Funnel plot of night shift work and risk of colorectal cancer.

Figure 7: Funnel plot of night shift work and risk of colorectal cancer.

The trim-and-fill test identified 3 possible missing studies.

Figure 8: The trim-and-fill test identified 3 possible missing studies.

DISCUSSION

This meta-analysis summarized the results of 6 epidemiologic studies including 3 cohort studies and 3 case-control ones. To the best of our knowledge, it is the first meta-analysis evaluating the correlation between night shift work and risk of colorectal cancer. We found that night shift work was correlated with an increased risk of colorectal cancer (OR = 1.318, 95% CI 1.121–1.551).

A dose-response analysis demonstrated that an increase in night shift work of 5 years was associated with an 11% increase in the risk of colorectal cancer in the population. Similar result was observed in a previous meta-analysis regarding the correlation between night shift work and risk of breast cancer, and a 13% increased risk of breast cancer was found by every 500 nights increase of shift work (RR = 1.13, 95% CI 1.07–1.21) [9]. Therefore, the above results illustrated that an increased risk of colorectal and breast cancer was observed along with the cumulative time of night shift work, indicating that night shift work could probably higher the risk of cancer in a dose-response way.

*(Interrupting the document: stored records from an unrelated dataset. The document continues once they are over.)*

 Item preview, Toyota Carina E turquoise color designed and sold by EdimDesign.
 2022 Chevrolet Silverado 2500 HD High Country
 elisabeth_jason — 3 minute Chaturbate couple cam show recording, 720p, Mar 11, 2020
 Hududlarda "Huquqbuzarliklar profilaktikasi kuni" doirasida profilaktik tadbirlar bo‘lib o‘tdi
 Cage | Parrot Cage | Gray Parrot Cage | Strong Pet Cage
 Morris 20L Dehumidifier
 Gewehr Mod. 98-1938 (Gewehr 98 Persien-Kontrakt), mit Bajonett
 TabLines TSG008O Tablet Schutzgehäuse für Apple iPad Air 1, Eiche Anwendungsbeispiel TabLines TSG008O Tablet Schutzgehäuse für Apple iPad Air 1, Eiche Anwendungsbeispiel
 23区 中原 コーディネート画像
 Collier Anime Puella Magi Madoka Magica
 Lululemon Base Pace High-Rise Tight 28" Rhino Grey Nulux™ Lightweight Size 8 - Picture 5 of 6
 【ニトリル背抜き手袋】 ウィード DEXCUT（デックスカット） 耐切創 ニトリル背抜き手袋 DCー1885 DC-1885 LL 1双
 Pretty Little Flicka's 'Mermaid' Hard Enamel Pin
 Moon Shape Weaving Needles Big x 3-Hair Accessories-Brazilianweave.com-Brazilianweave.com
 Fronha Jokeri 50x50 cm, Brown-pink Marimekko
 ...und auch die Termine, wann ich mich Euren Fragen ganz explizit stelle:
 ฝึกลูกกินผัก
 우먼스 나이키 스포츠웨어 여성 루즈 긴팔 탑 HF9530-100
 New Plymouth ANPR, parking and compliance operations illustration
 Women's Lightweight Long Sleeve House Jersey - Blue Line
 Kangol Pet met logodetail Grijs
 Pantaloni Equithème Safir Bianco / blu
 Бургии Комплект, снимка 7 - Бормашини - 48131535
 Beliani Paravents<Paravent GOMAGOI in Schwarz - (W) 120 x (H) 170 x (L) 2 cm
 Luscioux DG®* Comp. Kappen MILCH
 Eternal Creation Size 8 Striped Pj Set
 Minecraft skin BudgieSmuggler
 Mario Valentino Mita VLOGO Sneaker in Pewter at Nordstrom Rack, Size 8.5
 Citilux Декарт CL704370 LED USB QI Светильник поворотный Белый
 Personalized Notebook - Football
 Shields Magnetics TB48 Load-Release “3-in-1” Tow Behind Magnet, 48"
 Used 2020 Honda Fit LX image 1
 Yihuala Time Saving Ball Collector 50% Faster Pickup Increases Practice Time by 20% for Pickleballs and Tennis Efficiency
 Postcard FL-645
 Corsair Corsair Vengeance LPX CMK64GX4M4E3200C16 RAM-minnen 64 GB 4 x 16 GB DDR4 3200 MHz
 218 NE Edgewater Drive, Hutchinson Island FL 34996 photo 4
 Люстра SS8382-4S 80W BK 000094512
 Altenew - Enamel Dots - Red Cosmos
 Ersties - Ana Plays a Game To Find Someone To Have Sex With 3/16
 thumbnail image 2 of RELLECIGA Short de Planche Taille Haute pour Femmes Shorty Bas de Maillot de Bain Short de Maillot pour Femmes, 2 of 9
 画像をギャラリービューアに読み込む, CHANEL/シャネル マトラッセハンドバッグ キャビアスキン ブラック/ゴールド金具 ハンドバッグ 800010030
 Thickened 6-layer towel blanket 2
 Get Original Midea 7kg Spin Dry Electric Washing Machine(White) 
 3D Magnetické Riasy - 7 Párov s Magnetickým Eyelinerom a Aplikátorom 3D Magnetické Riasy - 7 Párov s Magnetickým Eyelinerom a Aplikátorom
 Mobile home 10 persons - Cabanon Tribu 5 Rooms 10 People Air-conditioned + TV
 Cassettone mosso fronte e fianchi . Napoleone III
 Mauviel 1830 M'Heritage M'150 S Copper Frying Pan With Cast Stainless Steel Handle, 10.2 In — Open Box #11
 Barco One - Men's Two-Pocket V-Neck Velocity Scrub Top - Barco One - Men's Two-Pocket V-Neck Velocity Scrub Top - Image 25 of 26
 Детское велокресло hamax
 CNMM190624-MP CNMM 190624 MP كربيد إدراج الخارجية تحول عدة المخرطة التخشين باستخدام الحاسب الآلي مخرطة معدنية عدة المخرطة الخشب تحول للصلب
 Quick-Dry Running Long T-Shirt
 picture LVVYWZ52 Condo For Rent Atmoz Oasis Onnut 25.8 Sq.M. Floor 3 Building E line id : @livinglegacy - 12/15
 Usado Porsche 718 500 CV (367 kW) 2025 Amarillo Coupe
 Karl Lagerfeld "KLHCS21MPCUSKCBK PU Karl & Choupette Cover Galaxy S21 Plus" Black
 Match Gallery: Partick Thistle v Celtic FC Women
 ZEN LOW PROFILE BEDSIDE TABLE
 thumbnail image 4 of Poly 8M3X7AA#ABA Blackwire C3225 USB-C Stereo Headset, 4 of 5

Quantified Q test and I2 test were applied to assess the extent of heterogeneity among the included studies. A statistically significant heterogeneity was found among the included studies (I2 = 77.7%, p < 0.01). Through the Galbraith plot test, we found that there was not a specific study could be the major source of heterogeneity. It meant that every included study contribute to the heterogeneity of this meta-analysis. We further conducted meta-regression analysis to evaluate the possible source of heterogeneity from the variables in every study. We found that type of cancer, gender, region, exposure assessment, study design, control factors, and study quality were identified as the possible sources of heterogeneity. Therefore, subgroup analysis was performed to analyze the possible source of heterogeneity and evaluate that whether such heterogeneity could be avoided. We detected a significant heterogeneity in the case-control group (I2 = 58.2%, p = 0.067). On the contrary, a moderate heterogeneity was found in the cohort group (I2 = 38.2%, p = 0.138), which suggested that cohort study should be a better choice in future studies to avoid potential heterogeneity. Furthermore, we found that heterogeneity could be avoided in the group adjusted for >3 control factors (I2 = 0.0%, p = 0.537) and the high-quality group (I2 = 0.0%, p = 0.848), indicating that adjusting for more control factors and recruiting high-quality researches were effective ways to avoid heterogeneity.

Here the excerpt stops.